Prompt —
Reproduce, from the lines below, exactly the stretch that begins at the line containing "aj brown sets" and ends at the line containing "Le must de Bwa", both included.

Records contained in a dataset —
****

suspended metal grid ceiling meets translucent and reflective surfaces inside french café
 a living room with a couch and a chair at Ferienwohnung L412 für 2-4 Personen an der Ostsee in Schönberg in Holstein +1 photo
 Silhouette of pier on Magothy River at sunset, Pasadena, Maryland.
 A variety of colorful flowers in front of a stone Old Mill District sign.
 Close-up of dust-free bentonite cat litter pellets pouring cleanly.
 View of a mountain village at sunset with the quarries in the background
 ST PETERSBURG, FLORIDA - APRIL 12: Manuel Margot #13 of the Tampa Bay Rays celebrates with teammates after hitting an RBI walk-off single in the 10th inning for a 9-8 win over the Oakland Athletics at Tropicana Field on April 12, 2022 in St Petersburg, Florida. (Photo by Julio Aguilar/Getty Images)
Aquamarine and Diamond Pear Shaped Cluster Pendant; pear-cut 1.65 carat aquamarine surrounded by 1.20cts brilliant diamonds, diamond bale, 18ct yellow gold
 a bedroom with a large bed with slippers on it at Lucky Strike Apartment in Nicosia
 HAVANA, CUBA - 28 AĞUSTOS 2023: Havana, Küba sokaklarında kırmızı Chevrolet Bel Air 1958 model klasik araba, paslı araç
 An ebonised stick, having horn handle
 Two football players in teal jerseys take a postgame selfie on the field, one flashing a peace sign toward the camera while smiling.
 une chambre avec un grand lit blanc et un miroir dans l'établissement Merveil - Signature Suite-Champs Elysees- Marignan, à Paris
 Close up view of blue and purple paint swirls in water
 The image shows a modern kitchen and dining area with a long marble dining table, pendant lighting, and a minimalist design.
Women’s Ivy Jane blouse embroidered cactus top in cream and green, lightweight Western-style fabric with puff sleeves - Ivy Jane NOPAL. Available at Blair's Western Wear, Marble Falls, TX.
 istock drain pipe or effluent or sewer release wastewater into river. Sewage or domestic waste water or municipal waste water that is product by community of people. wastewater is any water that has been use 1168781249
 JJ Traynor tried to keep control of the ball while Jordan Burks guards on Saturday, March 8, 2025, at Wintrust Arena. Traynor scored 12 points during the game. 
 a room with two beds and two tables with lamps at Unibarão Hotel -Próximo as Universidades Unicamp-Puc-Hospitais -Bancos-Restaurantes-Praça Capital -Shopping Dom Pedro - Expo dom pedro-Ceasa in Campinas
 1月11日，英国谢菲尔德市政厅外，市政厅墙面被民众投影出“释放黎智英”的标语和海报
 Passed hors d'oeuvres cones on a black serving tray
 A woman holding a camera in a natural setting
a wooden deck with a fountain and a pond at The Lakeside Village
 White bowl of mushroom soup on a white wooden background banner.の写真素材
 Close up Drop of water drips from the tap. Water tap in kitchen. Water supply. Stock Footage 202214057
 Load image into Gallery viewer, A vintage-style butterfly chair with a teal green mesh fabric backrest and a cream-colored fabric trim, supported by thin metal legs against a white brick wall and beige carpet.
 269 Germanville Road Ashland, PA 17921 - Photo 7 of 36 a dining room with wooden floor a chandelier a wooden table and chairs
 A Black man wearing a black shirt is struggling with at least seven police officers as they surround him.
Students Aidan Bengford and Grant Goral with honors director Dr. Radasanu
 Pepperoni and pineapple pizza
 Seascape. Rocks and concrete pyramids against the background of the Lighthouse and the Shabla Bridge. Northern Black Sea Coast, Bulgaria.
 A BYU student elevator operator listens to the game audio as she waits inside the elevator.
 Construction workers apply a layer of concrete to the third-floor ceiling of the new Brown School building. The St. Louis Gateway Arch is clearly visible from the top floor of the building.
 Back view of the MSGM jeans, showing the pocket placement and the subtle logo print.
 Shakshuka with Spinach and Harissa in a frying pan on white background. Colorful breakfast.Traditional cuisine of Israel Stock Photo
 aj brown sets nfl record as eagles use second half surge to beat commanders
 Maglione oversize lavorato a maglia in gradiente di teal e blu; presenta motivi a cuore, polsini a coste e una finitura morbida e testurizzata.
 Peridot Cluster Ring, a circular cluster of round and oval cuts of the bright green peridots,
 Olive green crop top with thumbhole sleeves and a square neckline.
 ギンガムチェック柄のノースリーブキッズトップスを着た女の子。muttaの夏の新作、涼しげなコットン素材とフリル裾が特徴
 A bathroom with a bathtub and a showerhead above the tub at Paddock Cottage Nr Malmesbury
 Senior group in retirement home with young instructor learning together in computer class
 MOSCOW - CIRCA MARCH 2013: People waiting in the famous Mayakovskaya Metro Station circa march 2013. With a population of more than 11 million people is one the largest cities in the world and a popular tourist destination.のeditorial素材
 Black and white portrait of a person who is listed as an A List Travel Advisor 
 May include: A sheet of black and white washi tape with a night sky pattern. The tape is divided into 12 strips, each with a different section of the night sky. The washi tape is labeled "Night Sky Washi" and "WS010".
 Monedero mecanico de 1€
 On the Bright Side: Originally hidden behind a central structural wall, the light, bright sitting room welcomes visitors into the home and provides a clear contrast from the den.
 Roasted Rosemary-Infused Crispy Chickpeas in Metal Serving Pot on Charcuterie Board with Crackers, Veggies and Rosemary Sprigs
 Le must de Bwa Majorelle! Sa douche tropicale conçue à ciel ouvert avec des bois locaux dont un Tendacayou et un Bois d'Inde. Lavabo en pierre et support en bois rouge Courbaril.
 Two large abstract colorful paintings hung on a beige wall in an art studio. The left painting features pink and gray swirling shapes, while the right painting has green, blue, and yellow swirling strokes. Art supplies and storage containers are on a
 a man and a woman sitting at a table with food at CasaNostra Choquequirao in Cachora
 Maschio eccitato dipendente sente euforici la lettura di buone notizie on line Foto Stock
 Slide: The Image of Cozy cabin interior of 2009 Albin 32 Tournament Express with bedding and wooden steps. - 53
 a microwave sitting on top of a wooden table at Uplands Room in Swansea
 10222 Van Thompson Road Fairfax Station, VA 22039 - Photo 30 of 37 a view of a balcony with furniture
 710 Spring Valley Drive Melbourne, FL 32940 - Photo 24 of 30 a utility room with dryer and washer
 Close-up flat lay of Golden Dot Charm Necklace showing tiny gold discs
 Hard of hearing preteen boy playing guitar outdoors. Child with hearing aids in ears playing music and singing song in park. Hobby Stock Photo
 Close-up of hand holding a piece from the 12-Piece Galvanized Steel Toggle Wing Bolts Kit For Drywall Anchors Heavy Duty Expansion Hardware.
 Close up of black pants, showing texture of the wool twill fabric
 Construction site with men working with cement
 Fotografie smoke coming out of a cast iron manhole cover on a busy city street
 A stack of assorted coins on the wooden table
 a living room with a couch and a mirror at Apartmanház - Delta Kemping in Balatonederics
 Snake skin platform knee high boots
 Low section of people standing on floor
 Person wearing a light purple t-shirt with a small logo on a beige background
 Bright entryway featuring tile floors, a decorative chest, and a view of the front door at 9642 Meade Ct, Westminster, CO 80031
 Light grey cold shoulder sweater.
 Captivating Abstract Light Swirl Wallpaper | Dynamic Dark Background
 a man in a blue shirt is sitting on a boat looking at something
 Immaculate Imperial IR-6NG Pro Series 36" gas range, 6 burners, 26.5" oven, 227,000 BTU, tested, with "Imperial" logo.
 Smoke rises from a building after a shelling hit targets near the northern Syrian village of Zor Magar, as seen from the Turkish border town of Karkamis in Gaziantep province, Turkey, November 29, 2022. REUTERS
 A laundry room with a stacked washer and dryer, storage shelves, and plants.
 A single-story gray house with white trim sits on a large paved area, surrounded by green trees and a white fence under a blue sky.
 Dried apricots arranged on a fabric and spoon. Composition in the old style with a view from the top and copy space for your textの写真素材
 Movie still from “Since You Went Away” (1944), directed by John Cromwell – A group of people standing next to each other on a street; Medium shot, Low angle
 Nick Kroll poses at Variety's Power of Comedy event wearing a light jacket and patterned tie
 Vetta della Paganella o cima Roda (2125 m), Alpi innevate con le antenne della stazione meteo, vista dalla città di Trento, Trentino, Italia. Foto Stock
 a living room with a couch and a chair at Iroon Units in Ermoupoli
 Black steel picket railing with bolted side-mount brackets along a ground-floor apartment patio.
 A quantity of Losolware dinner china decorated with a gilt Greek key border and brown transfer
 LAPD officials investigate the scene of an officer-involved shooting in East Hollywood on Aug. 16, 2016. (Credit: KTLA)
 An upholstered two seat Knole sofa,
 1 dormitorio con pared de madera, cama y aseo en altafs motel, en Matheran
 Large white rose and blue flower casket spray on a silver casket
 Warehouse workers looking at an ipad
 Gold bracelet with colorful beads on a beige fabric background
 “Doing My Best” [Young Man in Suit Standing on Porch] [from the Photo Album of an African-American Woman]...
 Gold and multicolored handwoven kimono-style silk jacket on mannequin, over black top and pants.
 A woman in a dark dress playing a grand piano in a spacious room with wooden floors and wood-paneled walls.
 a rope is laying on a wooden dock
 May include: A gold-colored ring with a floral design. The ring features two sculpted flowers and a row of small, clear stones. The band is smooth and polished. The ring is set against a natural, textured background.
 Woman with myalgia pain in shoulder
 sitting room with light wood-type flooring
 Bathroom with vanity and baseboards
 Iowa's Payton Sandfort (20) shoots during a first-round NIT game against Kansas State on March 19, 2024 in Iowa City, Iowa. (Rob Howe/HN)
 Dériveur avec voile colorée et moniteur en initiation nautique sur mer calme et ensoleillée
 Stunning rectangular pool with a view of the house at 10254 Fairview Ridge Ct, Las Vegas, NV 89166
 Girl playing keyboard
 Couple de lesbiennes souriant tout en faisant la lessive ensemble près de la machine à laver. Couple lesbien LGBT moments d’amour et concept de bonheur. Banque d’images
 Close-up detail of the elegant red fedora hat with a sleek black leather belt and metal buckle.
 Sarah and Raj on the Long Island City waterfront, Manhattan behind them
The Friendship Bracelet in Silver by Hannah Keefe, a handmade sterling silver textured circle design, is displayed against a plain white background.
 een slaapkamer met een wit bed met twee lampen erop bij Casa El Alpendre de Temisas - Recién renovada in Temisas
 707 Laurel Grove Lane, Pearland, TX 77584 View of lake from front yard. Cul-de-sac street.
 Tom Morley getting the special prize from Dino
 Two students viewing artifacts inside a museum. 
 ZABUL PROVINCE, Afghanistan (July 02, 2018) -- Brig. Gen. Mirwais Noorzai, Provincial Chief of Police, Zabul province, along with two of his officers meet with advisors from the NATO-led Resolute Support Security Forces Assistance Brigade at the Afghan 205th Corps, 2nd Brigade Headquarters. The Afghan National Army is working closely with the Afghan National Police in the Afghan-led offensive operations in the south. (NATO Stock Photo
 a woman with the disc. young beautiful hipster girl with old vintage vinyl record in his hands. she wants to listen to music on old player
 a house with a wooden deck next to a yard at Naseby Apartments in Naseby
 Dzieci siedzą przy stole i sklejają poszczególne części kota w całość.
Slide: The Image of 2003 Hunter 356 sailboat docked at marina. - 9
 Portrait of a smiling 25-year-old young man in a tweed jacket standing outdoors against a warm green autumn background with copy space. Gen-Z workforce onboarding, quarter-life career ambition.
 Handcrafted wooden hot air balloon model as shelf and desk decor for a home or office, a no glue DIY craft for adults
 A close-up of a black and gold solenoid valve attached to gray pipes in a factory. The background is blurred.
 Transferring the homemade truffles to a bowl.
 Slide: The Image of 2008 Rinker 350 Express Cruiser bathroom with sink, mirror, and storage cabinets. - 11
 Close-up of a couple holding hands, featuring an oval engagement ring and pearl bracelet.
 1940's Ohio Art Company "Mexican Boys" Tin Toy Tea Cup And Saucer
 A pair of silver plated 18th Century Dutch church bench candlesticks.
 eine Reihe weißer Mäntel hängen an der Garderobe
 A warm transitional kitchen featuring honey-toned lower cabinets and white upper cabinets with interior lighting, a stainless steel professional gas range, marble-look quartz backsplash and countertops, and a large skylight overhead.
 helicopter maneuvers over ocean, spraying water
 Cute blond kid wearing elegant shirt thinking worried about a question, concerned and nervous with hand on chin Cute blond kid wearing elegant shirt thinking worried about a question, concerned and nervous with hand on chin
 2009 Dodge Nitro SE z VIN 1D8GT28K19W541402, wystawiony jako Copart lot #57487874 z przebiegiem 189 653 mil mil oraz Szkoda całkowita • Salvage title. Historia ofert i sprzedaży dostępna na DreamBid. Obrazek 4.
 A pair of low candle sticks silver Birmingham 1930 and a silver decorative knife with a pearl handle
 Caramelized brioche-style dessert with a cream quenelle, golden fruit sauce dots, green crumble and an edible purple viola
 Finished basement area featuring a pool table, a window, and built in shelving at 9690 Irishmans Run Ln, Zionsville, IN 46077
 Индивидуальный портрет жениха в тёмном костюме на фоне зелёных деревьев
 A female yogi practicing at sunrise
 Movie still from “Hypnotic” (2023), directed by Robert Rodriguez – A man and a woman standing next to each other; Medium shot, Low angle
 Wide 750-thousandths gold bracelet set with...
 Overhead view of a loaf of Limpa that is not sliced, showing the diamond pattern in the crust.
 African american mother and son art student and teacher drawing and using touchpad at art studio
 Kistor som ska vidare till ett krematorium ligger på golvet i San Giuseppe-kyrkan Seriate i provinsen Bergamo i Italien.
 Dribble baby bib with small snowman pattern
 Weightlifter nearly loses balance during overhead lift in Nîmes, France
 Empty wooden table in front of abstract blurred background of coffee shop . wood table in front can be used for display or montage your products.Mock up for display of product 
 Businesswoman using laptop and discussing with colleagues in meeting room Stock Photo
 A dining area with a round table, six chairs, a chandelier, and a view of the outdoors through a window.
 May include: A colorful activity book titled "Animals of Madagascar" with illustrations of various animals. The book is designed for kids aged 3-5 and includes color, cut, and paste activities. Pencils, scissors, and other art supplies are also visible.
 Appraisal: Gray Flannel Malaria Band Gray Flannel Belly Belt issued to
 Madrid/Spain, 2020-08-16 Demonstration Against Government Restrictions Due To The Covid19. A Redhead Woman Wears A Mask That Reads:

****

Written solution —
 aj brown sets nfl record as eagles use second half surge to beat commanders
 Maglione oversize lavorato a maglia in gradiente di teal e blu; presenta motivi a cuore, polsini a coste e una finitura morbida e testurizzata.
 Peridot Cluster Ring, a circular cluster of round and oval cuts of the bright green peridots,
 Olive green crop top with thumbhole sleeves and a square neckline.
 ギンガムチェック柄のノースリーブキッズトップスを着た女の子。muttaの夏の新作、涼しげなコットン素材とフリル裾が特徴
 A bathroom with a bathtub and a showerhead above the tub at Paddock Cottage Nr Malmesbury
 Senior group in retirement home with young instructor learning together in computer class
 MOSCOW - CIRCA MARCH 2013: People waiting in the famous Mayakovskaya Metro Station circa march 2013. With a population of more than 11 million people is one the largest cities in the world and a popular tourist destination.のeditorial素材
 Black and white portrait of a person who is listed as an A List Travel Advisor 
 May include: A sheet of black and white washi tape with a night sky pattern. The tape is divided into 12 strips, each with a different section of the night sky. The washi tape is labeled "Night Sky Washi" and "WS010".
 Monedero mecanico de 1€
 On the Bright Side: Originally hidden behind a central structural wall, the light, bright sitting room welcomes visitors into the home and provides a clear contrast from the den.
 Roasted Rosemary-Infused Crispy Chickpeas in Metal Serving Pot on Charcuterie Board with Crackers, Veggies and Rosemary Sprigs
 Le must de Bwa Majorelle! Sa douche tropicale conçue à ciel ouvert avec des bois locaux dont un Tendacayou et un Bois d'Inde. Lavabo en pierre et support en bois rouge Courbaril.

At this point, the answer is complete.